## What needs to be done:
Reproduce the records exactly through the line with "If You Love".

(Data excerpts)
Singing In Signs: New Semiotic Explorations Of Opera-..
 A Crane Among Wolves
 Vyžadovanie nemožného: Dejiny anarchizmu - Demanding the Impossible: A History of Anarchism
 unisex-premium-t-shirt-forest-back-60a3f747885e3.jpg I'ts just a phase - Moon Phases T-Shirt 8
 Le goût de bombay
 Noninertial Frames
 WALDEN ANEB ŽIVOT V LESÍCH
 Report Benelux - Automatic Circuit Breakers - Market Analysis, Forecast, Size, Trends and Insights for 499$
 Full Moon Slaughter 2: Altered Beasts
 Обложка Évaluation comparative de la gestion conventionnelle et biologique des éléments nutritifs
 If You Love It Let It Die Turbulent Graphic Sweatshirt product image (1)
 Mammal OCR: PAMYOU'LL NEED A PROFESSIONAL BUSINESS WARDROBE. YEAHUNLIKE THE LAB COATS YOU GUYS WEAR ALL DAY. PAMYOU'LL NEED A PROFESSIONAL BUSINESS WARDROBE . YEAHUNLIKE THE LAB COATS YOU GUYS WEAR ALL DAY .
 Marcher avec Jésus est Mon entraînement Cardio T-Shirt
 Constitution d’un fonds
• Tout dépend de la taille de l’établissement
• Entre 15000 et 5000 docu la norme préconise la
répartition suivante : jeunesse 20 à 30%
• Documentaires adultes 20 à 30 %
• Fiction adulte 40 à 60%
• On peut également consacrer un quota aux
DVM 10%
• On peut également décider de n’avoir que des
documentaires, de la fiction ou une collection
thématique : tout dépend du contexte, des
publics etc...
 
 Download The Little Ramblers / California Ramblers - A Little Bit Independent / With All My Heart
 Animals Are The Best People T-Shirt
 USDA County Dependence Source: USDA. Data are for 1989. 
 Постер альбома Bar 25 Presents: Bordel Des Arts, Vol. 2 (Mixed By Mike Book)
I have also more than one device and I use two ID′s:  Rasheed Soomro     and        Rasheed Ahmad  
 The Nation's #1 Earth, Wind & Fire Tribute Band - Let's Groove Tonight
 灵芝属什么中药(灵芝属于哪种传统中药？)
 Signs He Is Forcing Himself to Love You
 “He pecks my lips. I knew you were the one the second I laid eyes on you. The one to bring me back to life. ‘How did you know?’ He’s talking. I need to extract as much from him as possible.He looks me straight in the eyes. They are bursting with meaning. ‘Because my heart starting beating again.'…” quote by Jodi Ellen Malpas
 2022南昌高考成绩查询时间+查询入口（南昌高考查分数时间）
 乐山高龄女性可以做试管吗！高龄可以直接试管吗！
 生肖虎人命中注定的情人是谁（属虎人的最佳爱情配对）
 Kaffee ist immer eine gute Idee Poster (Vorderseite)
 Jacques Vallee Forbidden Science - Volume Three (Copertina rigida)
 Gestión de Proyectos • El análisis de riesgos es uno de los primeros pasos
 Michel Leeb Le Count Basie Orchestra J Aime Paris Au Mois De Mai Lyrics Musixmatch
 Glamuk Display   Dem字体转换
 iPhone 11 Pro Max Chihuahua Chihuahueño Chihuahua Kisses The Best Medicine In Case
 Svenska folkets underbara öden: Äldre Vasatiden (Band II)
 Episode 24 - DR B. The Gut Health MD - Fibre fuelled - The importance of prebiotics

## Response to this exercise:
Singing In Signs: New Semiotic Explorations Of Opera-..
 A Crane Among Wolves
 Vyžadovanie nemožného: Dejiny anarchizmu - Demanding the Impossible: A History of Anarchism
 unisex-premium-t-shirt-forest-back-60a3f747885e3.jpg I'ts just a phase - Moon Phases T-Shirt 8
 Le goût de bombay
 Noninertial Frames
 WALDEN ANEB ŽIVOT V LESÍCH
 Report Benelux - Automatic Circuit Breakers - Market Analysis, Forecast, Size, Trends and Insights for 499$
 Full Moon Slaughter 2: Altered Beasts
 Обложка Évaluation comparative de la gestion conventionnelle et biologique des éléments nutritifs
 If You Love It Let It Die Turbulent Graphic Sweatshirt product image (1)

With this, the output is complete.